Global Journalism Review
UK media icons back Bush military agenda
Evans attacks 'pro-Arab propaganda'
The enlistment of the venerable and much-respected Alistair Cooke in the Bush battle for European minds has been clear for some time. His weekly Letter from America, on BBC Radio 4, has millions of listeners. On Sunday, June 23, he devoted it to a masterly 15-minute explanation of the reason why Bush should be supported in his plans to attack Iraq, ending with his now familiar dig at dozy Europeans: "Many Democrats, like European governments, hope that the Iraqi problem will just fade away..."
But it was the speech by Harold Evans, once the golden boy of British journalism, the brilliant young editor who made the Sunday Times a model for responsible and public-service journalism, that shocked many of his former colleagues and friends. The curious thing about this, however, for this observer, was that it was a delayed-action shock. The speech was made at a high-profile public event, the Guardian-sponsored literary festival at Hay on Wye, but even the Guardian did not report it, so far as I can discover.
It was not until it was reported in Press Gazette (London) by its editor, Philippa Kennedy (June 14), that many media observers, let alone the general public, knew much about it. This despite the fact that the speech, Truth and Terror, was "delivered to a packed marquee filled with media personalities," and "in a full frontal attack on the world's press for its failure to identify and respond to anti-Semitic writing," and on specifically named Guardian writers for their "anti-US" attitude.

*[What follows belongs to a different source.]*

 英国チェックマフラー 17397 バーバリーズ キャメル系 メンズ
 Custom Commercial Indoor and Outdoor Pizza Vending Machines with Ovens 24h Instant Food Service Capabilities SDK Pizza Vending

In what Philippa Kennedy described as "an impassioned defence of his adopted country," Harold Evans (once widely known and respected everywhere as Harry), chose the Guardian as his main cause of concern - perhaps, as one American correspondent in London put it to me, because it was the UK paper that most Washington intellectuals respected.
His extended attack on Seamus Milne was one thing; his attack on "his old friend," Hugo Young, whom he said he had always regarded as "the epitome of political wisdom," was quite another. Another target was Madeleine Bunting, who had described the war in Afghanistan as "a crude and clumsy intervention which did little for the wretched Afghans and even less for the struggle against terrorism."
This, the 30th annual Index Lecture, was programmed as an analysis of anti-semitism in world reporting post September 11, and the speaker cited many anti-Israeli rumours and lies. He called for balance and restraint in reporting terrorism, and (as Miss Kennedy reported) proposed that the Guardian should sponsor meetings between editors and writers from the warring ideologies of the Middle East and the Western media.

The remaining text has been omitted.